のびのびと健康に育ってほしい、周囲の人と助け・助けられる存在であってほしい―親が子どもの名前にこめる思いは時代を経ても大きく変わるものではないけれど、それでも、やっぱり名づけにはトレンドがある。一時のキラキラネームブームは去り、最近は和の古風なイメージが人気。
ベネッセが毎年実施している赤ちゃんの名前ランキングで、2021年は女の子は「陽葵/ひまり」「紬/つむぎ」が同率1位、男の子は「蓮/れん」がトップだった。子どもの名前にこめる親の願いは普遍的なもので、上位の顔ぶれは大きく変動はしていない。
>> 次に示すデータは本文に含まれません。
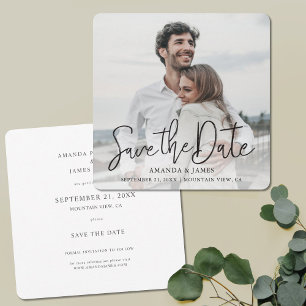 Simple Elegant Modern Black Typography Photo Save The Date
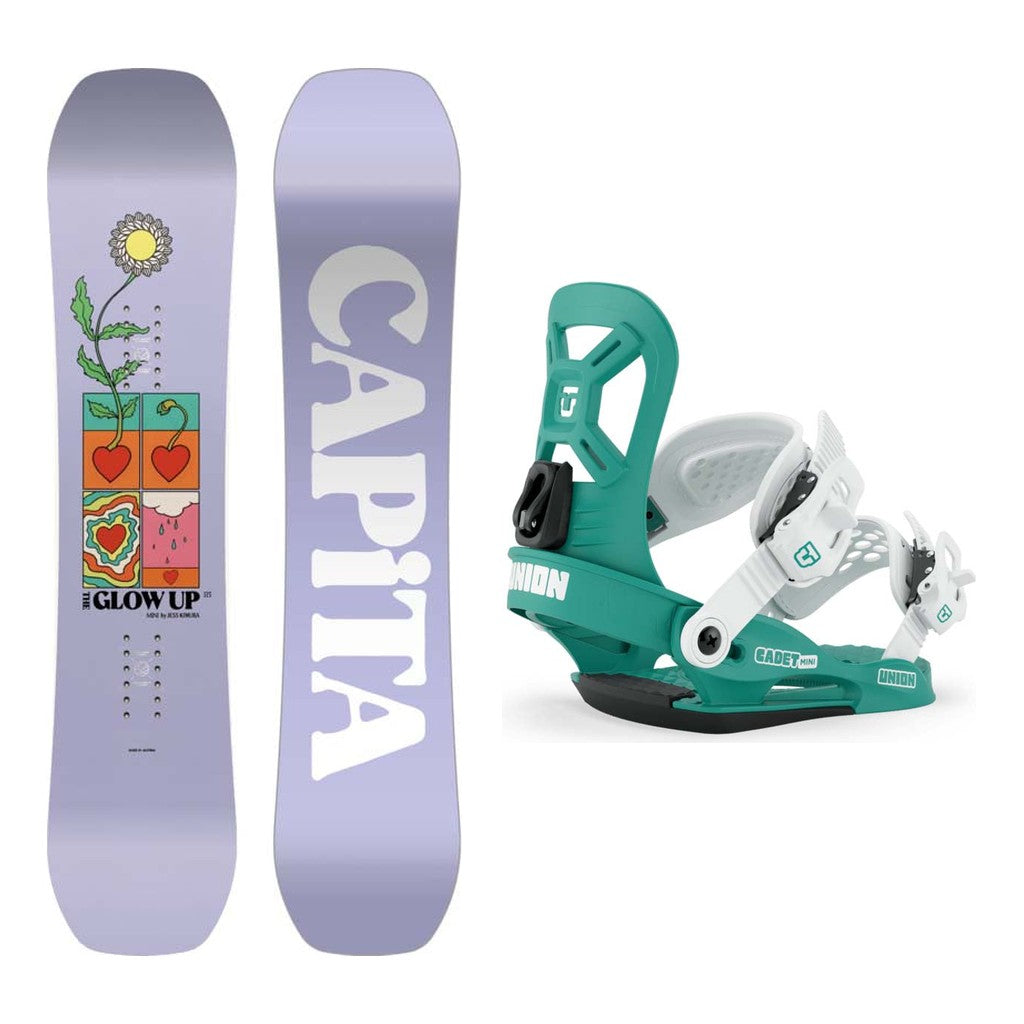 Capita Glow Up Mini by Jess Kimura Girls Snowboard 2027 with Cadet Mini Bindings Snowboard Package - Teal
「陽葵」は6年連続、「蓮」は4年連続の1位。
「成長」「根を張る」「花開く」ことに思いを託してか、植物に関連する名前が多い。女の子はトップ10のうち7つに草冠の漢字が含まれ、「杏」も果樹の名前。男の子は草冠の漢字2つと「樹」の3つが植物関連。
女の子5位の「葵」と男の子3位の「蒼」はいずれも「あおい」と読むが、「葵」は夏場に鮮やかな色の花を咲かせる草木、「蒼」は植物のあおあおとした色を意味する。男の子7位の「碧」は青く美しい石のことで、同じ「あお」の音でも、親の願いにはジェンダー・バイアスが含まれているようだ。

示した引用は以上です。